# brain fog/libido



## wizard (Jun 3, 2010)

Hi,

Im a 36 year old male. Dx with severe hypothyroidism in 1999. TSH level was over 150. Very severe. Been on 200mcg of synthroid since then. everything has gotten back to normal except for brain fog and libido. Depression every now and again. Biggest thing would be libido.

Has anyone experienced low libido as well after returning to "normal" levels?


----------



## hillaryedrn (Dec 14, 2009)

When were your last labs drawn? What were the results? I know my libido was next to nothing before I had my TT in February. It is sooooo much better now!

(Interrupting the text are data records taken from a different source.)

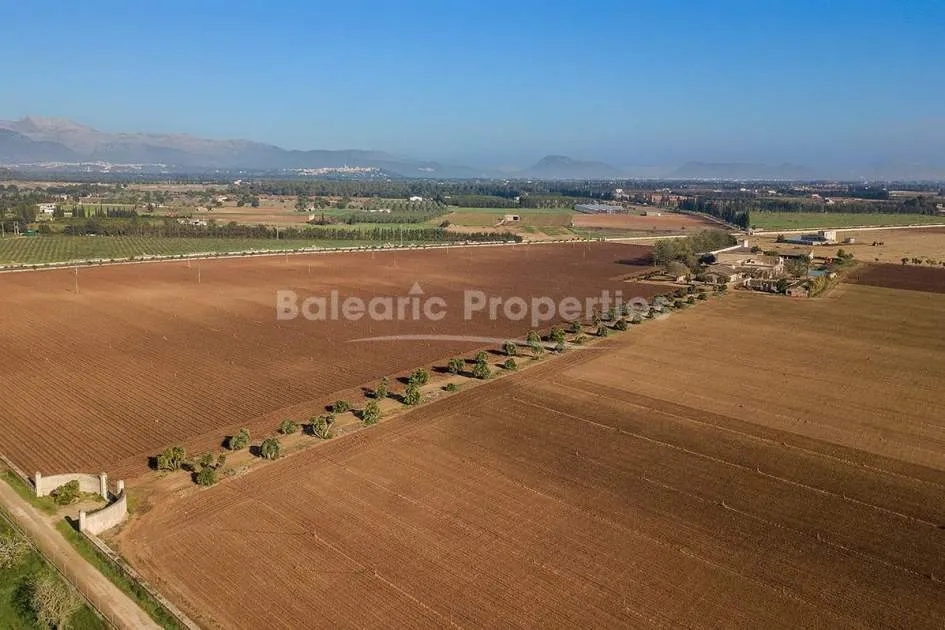 Enormous Mallorca country property with investment potential for sale in Llubí, Mallorca
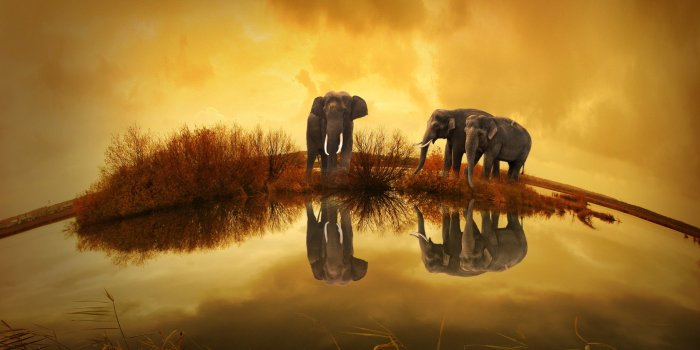 2639x1843 Elephants Photos, Download The BEST Free Elephants Stock Photos & HD Images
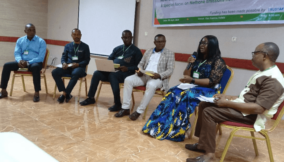 Nigeria targets fallouts from $460bn savings in 45% methane emission reduction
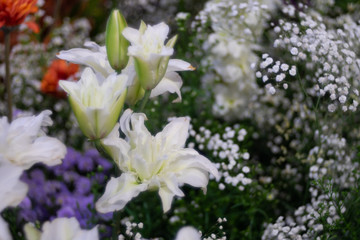 Beautiful lilly flower as flora background.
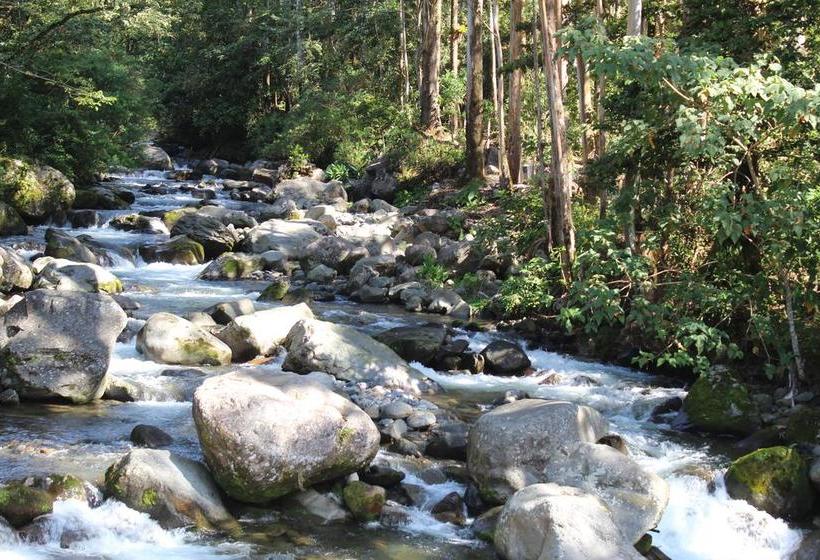 Hotel La Serrania | Boquete | Chiriquí | Panamá 16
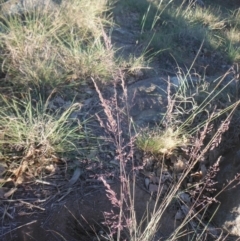 Poa sieberiana var. sieberiana at Griffith, ACT - 23 Apr 2018 12:16 PM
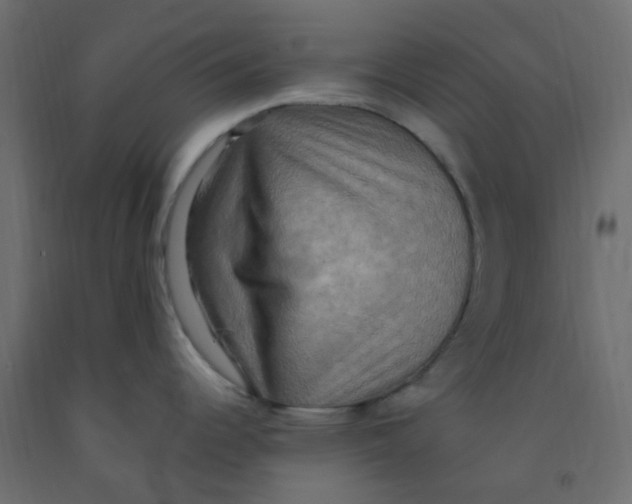 X0000092111344200710101135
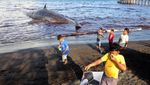 Dramatis, Foto Ini Ungkap Akhir Kisah Paus Terdampar di Banyuwangi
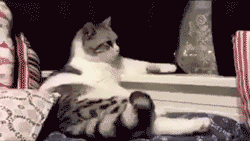 Ⅶゞ★♪♬蹭歌王♬♪主播照片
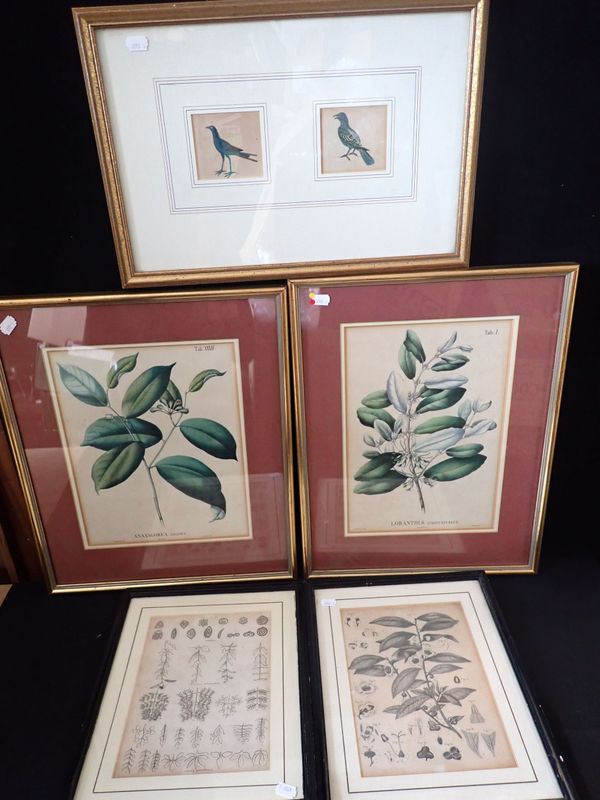 A PAIR OF 19TH CENTURY BOTANICAL LITHOGRAPHS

You've been on the same dose since 1999? Maybe you need an adjustment.


----------



## GD Women (Mar 5, 2007)

I have read from posters on other forums eons ago, low libido in hypos and hypers - hyper females.

Has the doctor checked this out for you - it may not be thyroid at all. Maybe its an easy fix.


----------



## wizard (Jun 3, 2010)

I had everything tested and it said that my ranges were normal. I have an appointment on Monday to go over everything. I was thinking about seeing if my doc. would add some t3 into my daily regimen. I have read good things about people doing that.


----------



## hillaryedrn (Dec 14, 2009)

When you get to your doc, get copies of your lab results with the ranges and let us see, if you don't mind.


----------



## wizard (Jun 3, 2010)

ok, I will. this past weekend I had brain fog so bad that I literally felt like I had to lay down. very cloudy.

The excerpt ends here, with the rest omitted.